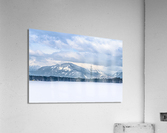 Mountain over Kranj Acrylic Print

...

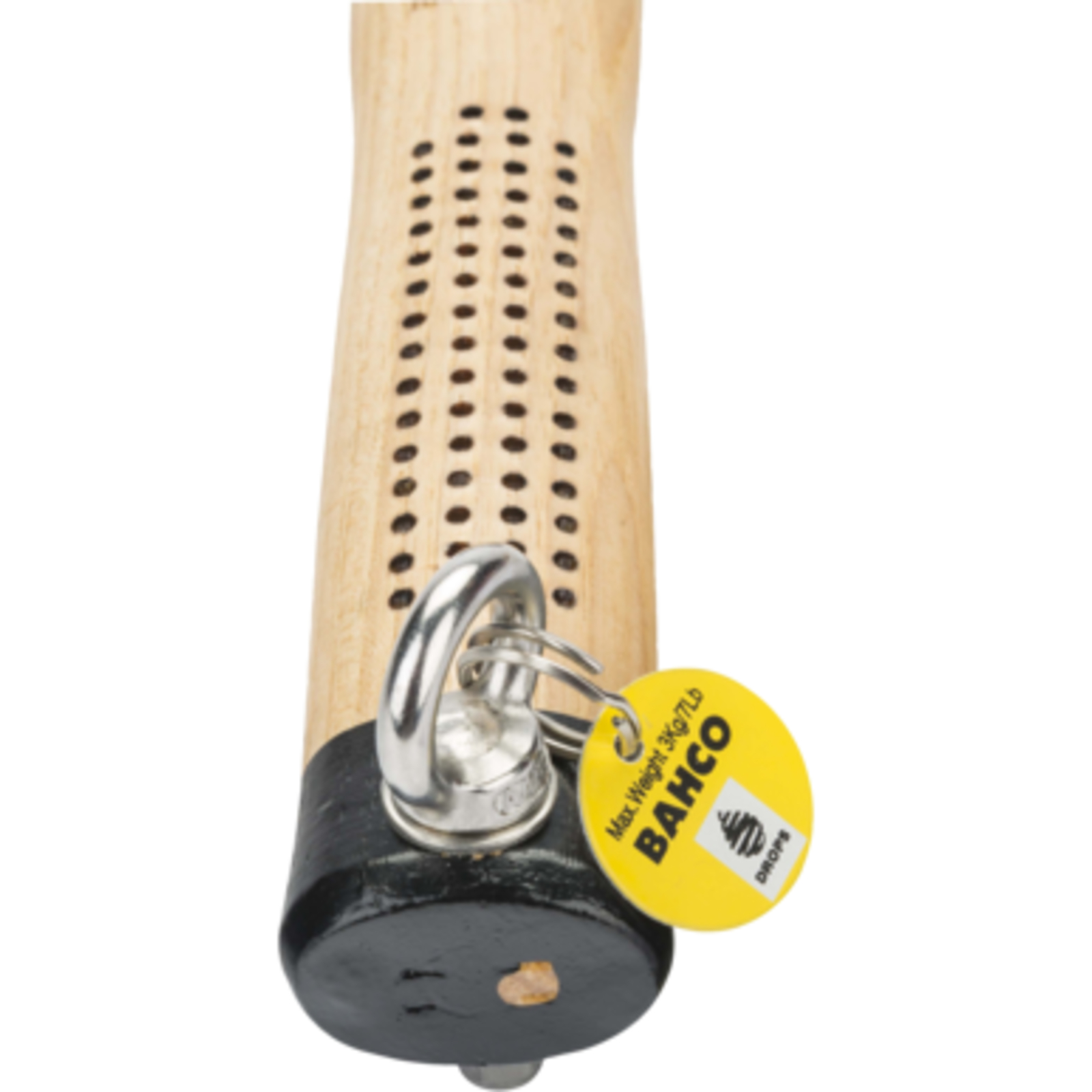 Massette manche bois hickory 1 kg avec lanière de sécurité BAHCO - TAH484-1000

==

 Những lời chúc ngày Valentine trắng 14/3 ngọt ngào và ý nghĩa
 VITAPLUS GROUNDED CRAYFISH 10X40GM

(WHAT TO WORK ON)
Restate word for word the entries above from the line with "Những lời chúc" through the line with "VITAPLUS GROUNDED CRAYFISH 10X40GM", inclusive, leaving out everything else.

(SOLVED PROBLEM)
 Những lời chúc ngày Valentine trắng 14/3 ngọt ngào và ý nghĩa
 VITAPLUS GROUNDED CRAYFISH 10X40GM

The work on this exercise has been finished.